5. How does the piece sit in relation to your previous work? Why did you particularly compose this piece at this time?

Aetherworld is a piece that forms a part of my current fascination with the most natural of sound: the human voice, paired with spatial / immersive electronics which I create in direct response to the acoustic space of the Royal Albert Hall, live in improvisation. All the different elements of the piece – the choir, the immersive electronics and the organ – connect to the physicality of sound in space in different ways, to create a deeply immersive experience, manifesting live in the energy of the moment, focusing on the essential nature of sound and its connection to the physical and spiritual plane.

6. If people really like your piece, what other music of yours would you recommend they check out?

One of my most significant compositions to date is Opus Infinity, a spatial composition for live ambisonic electronics and ensemble, which I performed with Ensemble Modern in February 2020 in Frankfurt. You can hear it on BBC Sounds for another 20 days or so.

There is also Nebula, which is my electronic transformation of Opus Infinity.

7. What’s next?

An October tour with the Netherlands Chamber Choir to continue my fascination with choir and turntable music, a research fellowship with the Electronic Music Department at Oxford University on Immersive Sound and its Socio-political implications (as well as sonic), the première of Seismic Wave Orchestra with Zwerm Electric Guitar Quartet and Stephen O’Malley in December, to name a few upcoming! Everything is on my Instagram or website if you want to know more.


Aetherworld: programme note

Aether was the fifth element in alchemical chemistry and early physics. It was the name given to the material that was believed to fill the universe beyond the terrestrial sphere. The belief in aether as an element was held by medieval alchemists, Greeks, Buddhists, Hindus, the Japanese, and the Tibetan Bon. The concept of aether was used in several theories to explain several natural phenomena, such as the traveling of light and gravity.

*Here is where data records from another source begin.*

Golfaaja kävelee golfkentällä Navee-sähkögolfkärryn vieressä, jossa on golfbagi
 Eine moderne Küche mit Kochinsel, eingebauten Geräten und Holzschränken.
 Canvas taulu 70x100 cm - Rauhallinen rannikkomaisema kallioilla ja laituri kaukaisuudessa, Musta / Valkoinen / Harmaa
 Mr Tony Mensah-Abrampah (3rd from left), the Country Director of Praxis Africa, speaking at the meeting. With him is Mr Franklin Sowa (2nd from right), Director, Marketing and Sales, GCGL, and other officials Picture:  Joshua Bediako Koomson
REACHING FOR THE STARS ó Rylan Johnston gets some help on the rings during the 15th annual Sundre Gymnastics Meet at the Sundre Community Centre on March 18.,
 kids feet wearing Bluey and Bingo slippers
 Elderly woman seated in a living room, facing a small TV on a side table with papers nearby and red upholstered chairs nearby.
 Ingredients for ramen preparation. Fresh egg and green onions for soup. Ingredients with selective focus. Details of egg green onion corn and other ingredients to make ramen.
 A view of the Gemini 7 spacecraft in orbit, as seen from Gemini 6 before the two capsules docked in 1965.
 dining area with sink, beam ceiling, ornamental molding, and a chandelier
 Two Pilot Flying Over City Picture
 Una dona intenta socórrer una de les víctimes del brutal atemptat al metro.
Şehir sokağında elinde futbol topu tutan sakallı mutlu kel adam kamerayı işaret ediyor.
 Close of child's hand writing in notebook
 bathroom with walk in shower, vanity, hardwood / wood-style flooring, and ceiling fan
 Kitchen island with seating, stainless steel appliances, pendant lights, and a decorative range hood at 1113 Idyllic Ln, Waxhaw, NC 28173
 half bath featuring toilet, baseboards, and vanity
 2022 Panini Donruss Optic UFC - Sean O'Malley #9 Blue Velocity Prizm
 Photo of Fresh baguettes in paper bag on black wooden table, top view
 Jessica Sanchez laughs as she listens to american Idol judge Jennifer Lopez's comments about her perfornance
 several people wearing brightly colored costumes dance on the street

Aetherworld exists to connect us physically and spiritually in time and space, allowing our minds to expand in any direction or dimension, within a shared moment. The piece focuses on the natural harmonics of the voice, with the choir material based mainly on harmonic overtones. This is found in ancient music traditions from many different parts of the world, most prominently in the East. Overtone singing reveals the structure of a sound, revealing the infinite harmonics nestled within a single fundamental pitch, and so by doing this connects us to a whole host of other phenomena of creation in our natural universe, which are built and structured in exactly the same way.

The piece is an intricate duet between immersive electronic and natural acoustic sound, based on the fractal geometry of sound. Specifically, the geometry is displayed within the acoustic overtones of the voice, and within the improvised electronic sound that I will move around the space in sonic shapes, connecting space to sound. I will be creating the immersive electronics using turntables and other technologies that I subvert from their conventional use, and repurpose for my own creative intentions. I use a recording of Josquin’s Qui Habitat which I manipulate into new forms, live in improvisation. This will include varying the speed and direction of the spinning discs. These sonic transformations are live-sampled immediately, creating new perspectives on the piece’s original form. The technology I use spans new to old, including vinyl, turntables and CDJs, all processed through vintage analogue tape echo (Re-201), and a cutting-edge immersive software designed by creative-technologist Andy Sheen, who designed the software especially for me, to transform the circular motions of the spinning discs, into circular motions of sound within space.

Aetherword (2021) is connected as a diptych to Otherworld, premiered by the National Youth Choir GB at the Three Choirs Festival (2021), where similar sonic material is transformed into two different compositional perspectives.